Most pastoral leadership conversations focus on what you should be doing. This one asks something different: where are you most alive in the work — and where are you quietly dying? That is not a disloyal question. It is a faithful one.
Called to Thrive is a self-assessment designed to help you see your ministry activities honestly — and to begin making intentional, courageous choices about how you invest the energy God has given you.
The Framework

At its core, Called to Thrive is built on a simple but clarifying premise: not all ministry activities affect you the same way. Two dimensions shape your experience of any given task — Joy (how much it energizes you) and Strength (how gifted and effective you are at it). Mapping those two dimensions creates four zones, each with its own meaning and its own invitation.
The framework is not a performance evaluation. It is a discernment tool — designed to help you see what is actually true about where you are, so you can lead from integrity rather than obligation.
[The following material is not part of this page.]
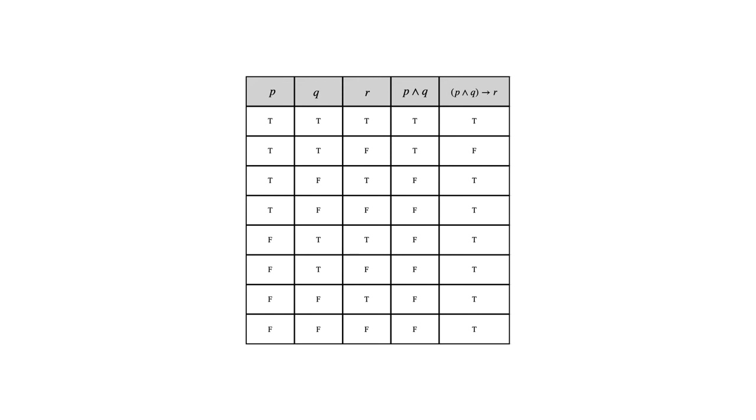And I'll remind you that with a conditional statement, you only get false if the hypothesis is true and the conclusion is false. So that's only the case in that second row.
The “Flow” Zone — High Joy + High Strength Your sweet spot. You are energized and effective here. These are the activities that make time disappear — where you feel most alive and most useful. Protect and maximize these. When you lead from your Flow Zone, the people around you are lifted too.
The “Growth” Zone — High Joy + Lower Strength You love it — but haven’t fully developed it yet. This is your growing edge, and it is worth investing in. With intention and practice, today’s Growth Zone can become tomorrow’s Flow Zone. Don’t confuse the skill gap for a calling gap.
The “Groan” Zone — High Strength + Low Joy You’re competent here — but it costs you. Others may not see your struggle because you do it well. But you know. The Groan Zone is where burnout quietly begins. The task here isn’t to stop caring — it’s to start asking why you keep saying yes, and whether someone else’s calling might be your release.
The “Drop” Zone — Lower Strength + Low Joy Dread, frustration, or steady overwhelm. These activities drain you without producing your best work. Letting go of Drop Zone activities — through delegation, discontinuation, or partnership — is not failure. It is wisdom. Someone else’s Flow Zone may be exactly what you have been white-knuckling through.
A Note on Joy
The joy this framework points to is not the shallow happiness of easy work. It is the deeper resonance the ancient writers called shalom — a sense of rightness, aliveness, and purpose. When you operate in your Flow Zone, you are not just effective. You are becoming more fully the leader God made you to be.
How this is connected to everything else
Called to Thrive is part of a broader suite of integrated pastoral leadership resources. It is designed to be used alongside the Threefold Calling and Called Forward assessments — because knowing where you thrive is most powerful when it is rooted in a clear sense of who you are and where your congregation is called to go.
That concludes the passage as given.